NH 25A – Jeffers Brook Shelter
10.8 miles
We woke up this morning in a cold mist. We slept in a bit because Double Orca and her parents weren’t meeting us for the slack pack until 7:30 and we were camped right by the road. There was a pretty big crew gathered for the slack pack. It was me, Gummies, Double Orca, Tadpole, Survivor, Super, Buttcheeks, Faceplant, Tails, and Sock Ninja. Gummies and I had never slack packed before and it honestly felt amazing. I felt so free without the weight of my pack.
The hiking today was extremely chill. There were a few small climbs but they were not bad at all. We took a breakfast break a few miles in but other than that I didn’t really stop at all for the first ten miles. I put on my music after breakfast and felt super stoked and strong. Without the weight of my pack I was even partially running down some of the descents, *just for fun*. What have I become?

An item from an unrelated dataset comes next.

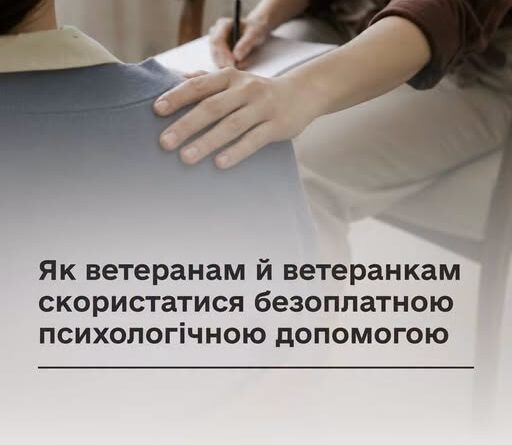 ЯК ВЕТЕРАНАМ Й ВЕТЕРАНКАМ СКОРИСТАТИСЯ БЕЗОПЛАТНОЮ ПСИХОЛОГІЧНОЮ ДОПОМОГОЮ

The day was uneventful, so here’s a cool caterpillar

I reached the road into Glencliffe shortly after noon, and Gummies and I made our way over to the Hikers Welcome Hostel. Double Orca’s parents live right across the street, so we stopped in there to grab our stuff, and Double Orca’s mom even gave us delicious homemade cookies. The hostel was also amazing. It was all run on the honour system, and they had bunks, tenting, an outdoor bath house with showers, laundry, and a toilet, as well as snacky foods for sale. Gummies and I both got the hiker combo, which was a frozen microwave pizza, chips, can of pop, and ice cream sandwich for 5 bucks. We also both showered for 3 dollars.

We had originally thought we might stay here, but then realized there was a shelter just a mile up the trail, so we decided to hike out to that to save some money. Basically every hiker we’ve been around so far was at the hostel and staying there for the night. Most of them are also using the slack pack service over Mount Moosilauke tomorrow, but we’re just going to haul our stuff up and over the old fashioned way. We did still spend several hours resting at the hostel, lounging in a hammock, drinking pop, and talking with the other hikers. We finally hiked out around 4pm.

When we made it to the shelter, we were the only ones here. I used my first AT privy, which was getting dangerously close to overflowing. Eventually, a group of Dartmouth College orientees showed up and are also camping here. We’re the only AT hikers though and it feels super weird. I guess since it’s so close to the hostel everyone just stays there instead.

We ate dinner and collected water from Jeffers Brook, which is flowing nearby in a beautiful waterfall. Tomorrow is going to be a big day as we take on Mount Moosilauke, our first 4000 footer on trail and what is considered the “official” start of the Whites. There’s a chance of rain in the afternoon and so fingers crossed we make it down the treacherous descent while it’s still dry!